August 21, 2024 6:15 PM PDT
This document outlines the discussions and technical considerations regarding the AI Automation Framework, specifically focusing on the design of a distributed system for workflow management.
Requirement
- Connect to external services with authentication.
High Level Design
- API considerations.
- Database schema for workflows.
- Potential need for multiple database instances.
- Use of NoSQL database with:
- Partition key: workflow ID
- Sort key: creation timestamp.
Workflow Management
- Workflow service to schedule the first run.
- Workers to schedule new runs.
- Considerations for crash recovery of workers.
- Workflow scheduler maintains heartbeat with workers.
- Scaling worker pool:
- Preference for a pull model over a push model for easier maintenance.
- Heartbeat failure detection: assume worker is dead after three failed heartbeats.
Worker Configuration
- Each worker contains multiple Docker containers for security.
- Workers will update their status to indicate operational state.
Database Considerations
- Choice between relational and non-relational databases:
- Non-relational preferred for large scale but requires strong consistency.

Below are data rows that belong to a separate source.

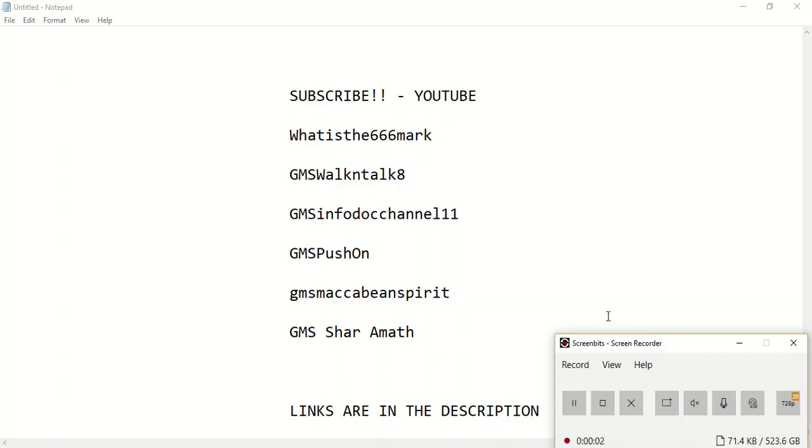These are all the YouTube channels that you should and need to be subscribed to if you are new in this truth or if you're a new follower of Great Millstone.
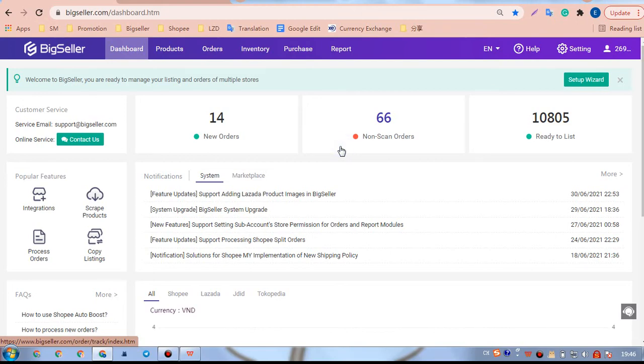Hello everyone, it's BigSeller. This video is about how to import products from Lazada. To import products, we need to first install the BigSeller extension.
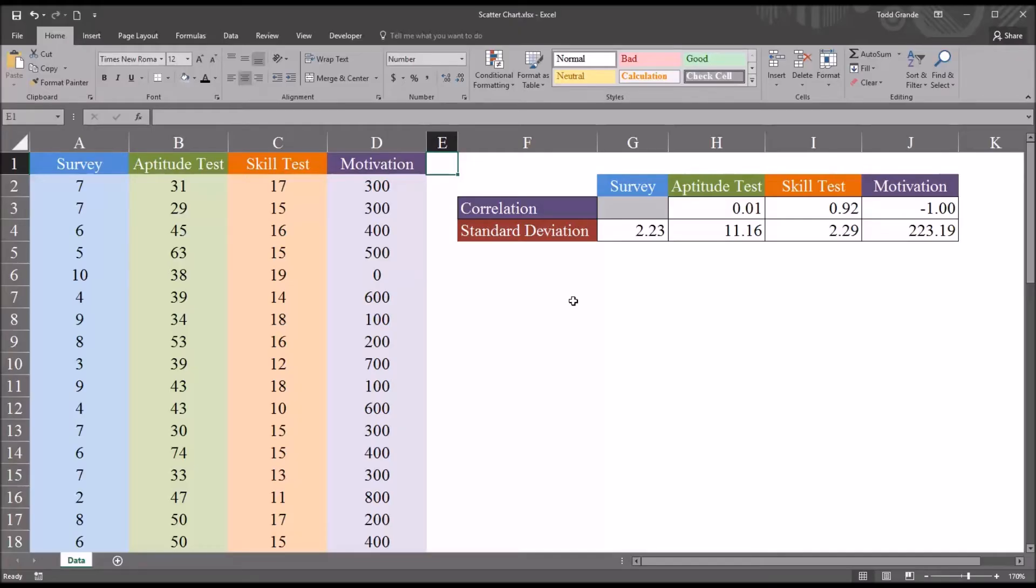Hello, this is Dr. Grande. Welcome to my video on inserting a scatter plot using Microsoft Excel.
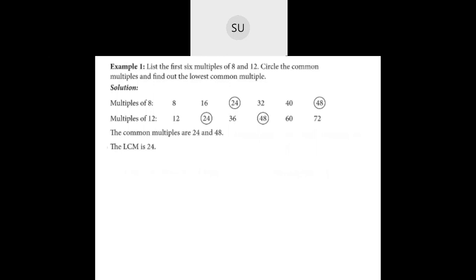Here is an example: write the first 6 multiples of 8 and 12 and find the lowest common multiple. Multiples of 8: 8, 16, 24, 32, 40, 48. Multiples of 12: 12, 24, 36, 48, 60, 72. The common multiples are circled — 24 and 48. The smallest common multiple is 24. So the LCM of 8 and 12 is 24.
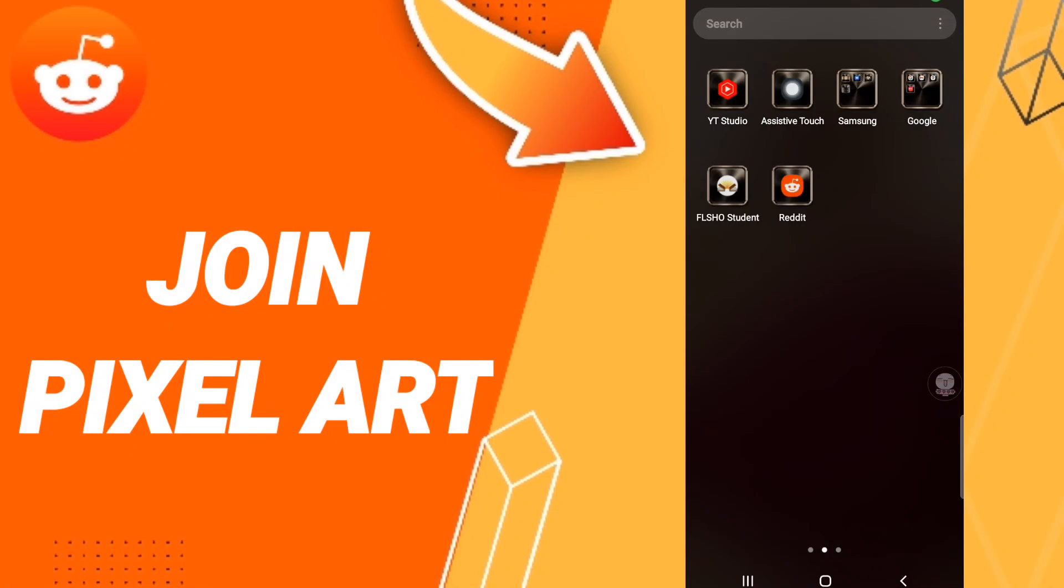Hi everyone, today we'll talk about how to join Pixel Art on the Reddit application. To join Pixel Art on Reddit, click the top of Reddit.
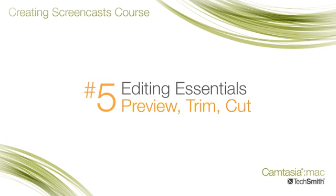In this tutorial, I'll be covering the very basics of editing. How to get rid of the parts in your recording that you don't want in the final video.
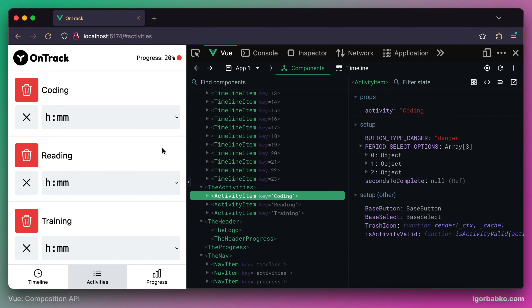Let's start working on the functionality of removing activity items. Whenever we click on the delete button, this activity item should disappear from the page. Let's see what we're going to have to do in order for this to happen.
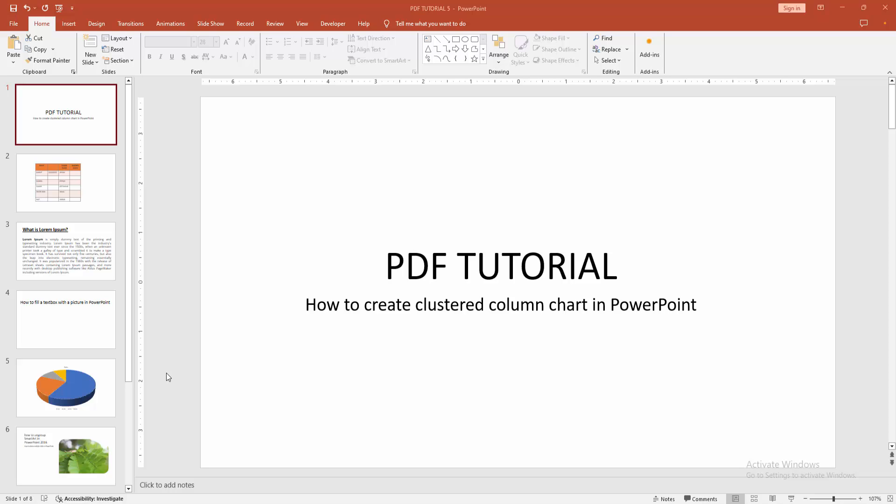Assalamualaikum, hello friends, how are you? Welcome back to my another video. In this video I am going to show you how to create clustered column chart in PowerPoint. Let's get started.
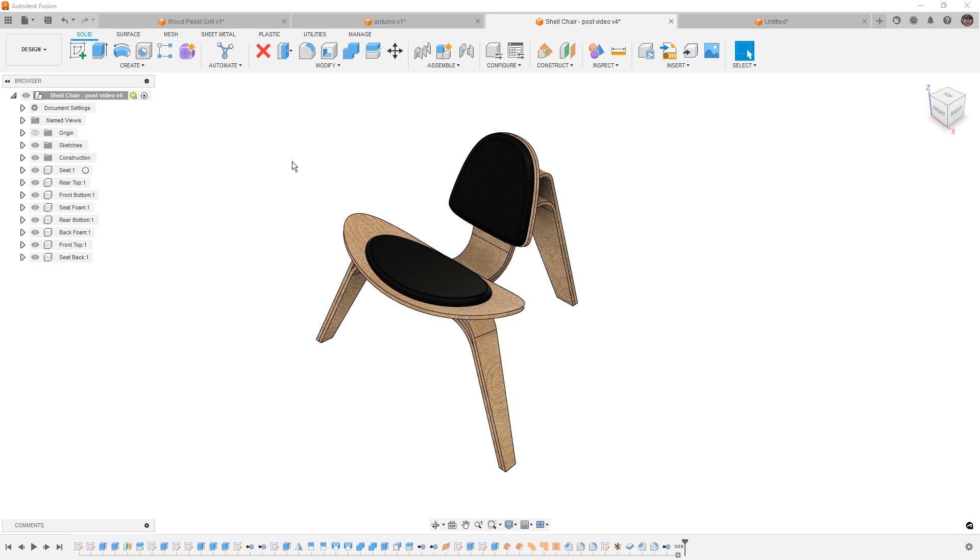If you need an exploded view animation for an exploded view in a drawing or you need better control over the bill of materials or parts list in your drawing, those are two very good reasons why you would want components over just bodies in a design. Bodies inside of a component will be treated as a single entity on a bill of materials, for example, and bodies can't be moved in exploded view animations.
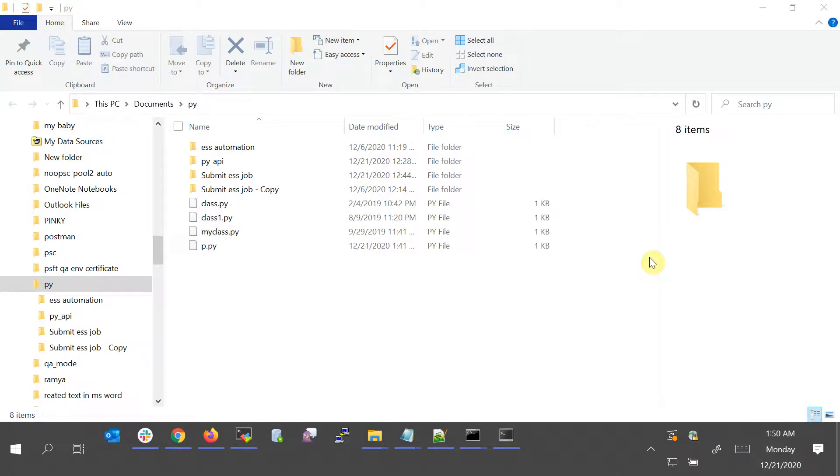Hello and welcome back to my channel. Today I'm going to show you a few tricks in Windows 10 specifically.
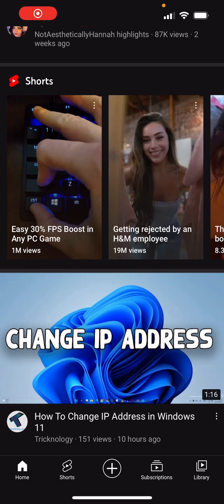What is up everyone, this is MoTutorials here and today I'm going to show you how to upload your video to YouTube in 4K from your mobile device. So let's get right into this.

- Use of WorkerID as a lock for conditional updates to prevent double scheduling.
- Options include DynamoDB or sharded MySQL to ensure strong consistency.
- Partition key considerations:
- Workflow run vs. scheduled time.
- Optimizing for scan frequency and secondary indexing.
Job Management
- Worker retry mechanisms:
- If a worker fails, the management service should update the workflow run database.
- Monitoring system required to manage job failures:
- Manual investigation may be necessary for job reloads.
- Automatic failover is an option but carries risks.
Performance Metrics
- Current performance metrics indicate 317 jobs per second with 100k concurrent runs.
- Complexity of the system affects availability and performance.
Additional Considerations
- Discussion on whether retries can be part of the workflow definition.